For an accessible and short article on using boxplots, see (Williamson, Parker, and Kendrick 1989).
4.2.3 Co-variation
This is the pattern between variables. Sometimes an observation is not unusual in its own right but in the context of other variables it is anomalous. Sometimes this is referred to as multivariate outlier analysis. In some ways this is related to the ideas of referential integrity discussed in the previous chapter.
The point is when searching for outliers we need to consider the possibility that a value is not extreme in itself, but is an outlier when viewed in the context of a second or additional variables. A simple way to check for this is by means of a scatterplot.

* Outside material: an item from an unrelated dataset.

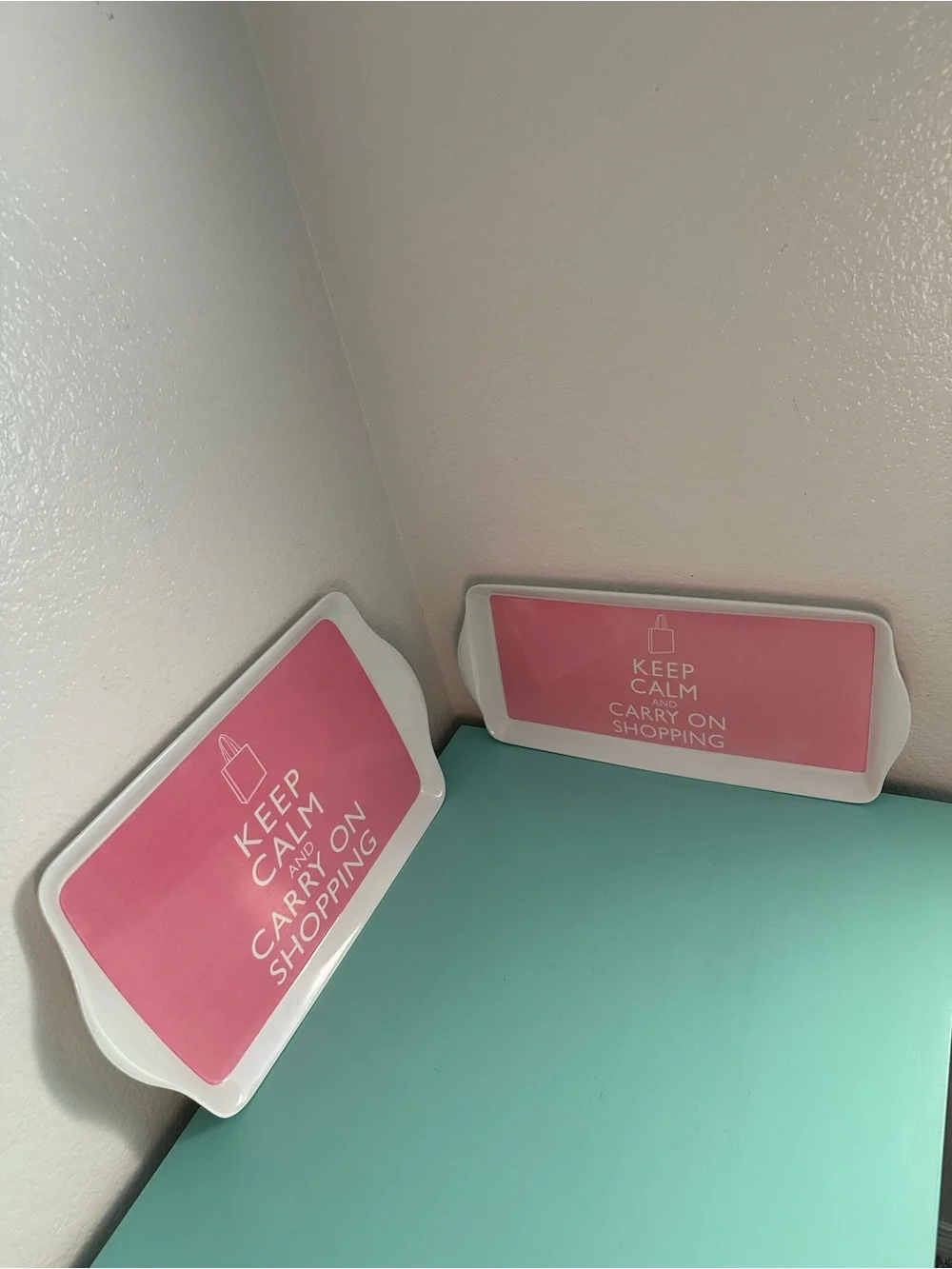 Home Essentials Set of 2 rectangular melamine serving trays ‘Keep Calm&Carry On’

In this scatterplot we show the relationship between Speed and Distance by a non-linear (and non-parametric) loess smoother. An alternative would be a linear regression line if we consider linearity to be a reasonable assumption. Data points that fall far from this line can be considered to be potential multivariate outliers despite the fact that for the individual variables their values are quite typical.
Note that this scatterplot was produced via the following R code (and then annotated by hand).
ggplot(cars, aes(x=speed, y=dist)) +
geom_point() +
geom_smooth(method="loess") +
labs(title="Stopping distance versus speed",
x="Speed (mph)", y = "Distance (feet)")
## `geom_smooth()` using formula 'y ~ x'
Although we have simply used visual inspection to identify potential outliers, more formal methods can be deployed. For instance, one can use Mahalanobis distance, which is the distance of a data point from the calculated centroid of all other cases, where the centroid is calculated as the intersection of the means of the variables being investigated.
References
Kabacoff, Robert. 2015. R in Action: Data Analysis and Graphics with R. 2nd ed. Manning.
Wilcox, Rand R. 2011. Introduction to Robust Estimation and Hypothesis Testing. 3rd ed. Academic press.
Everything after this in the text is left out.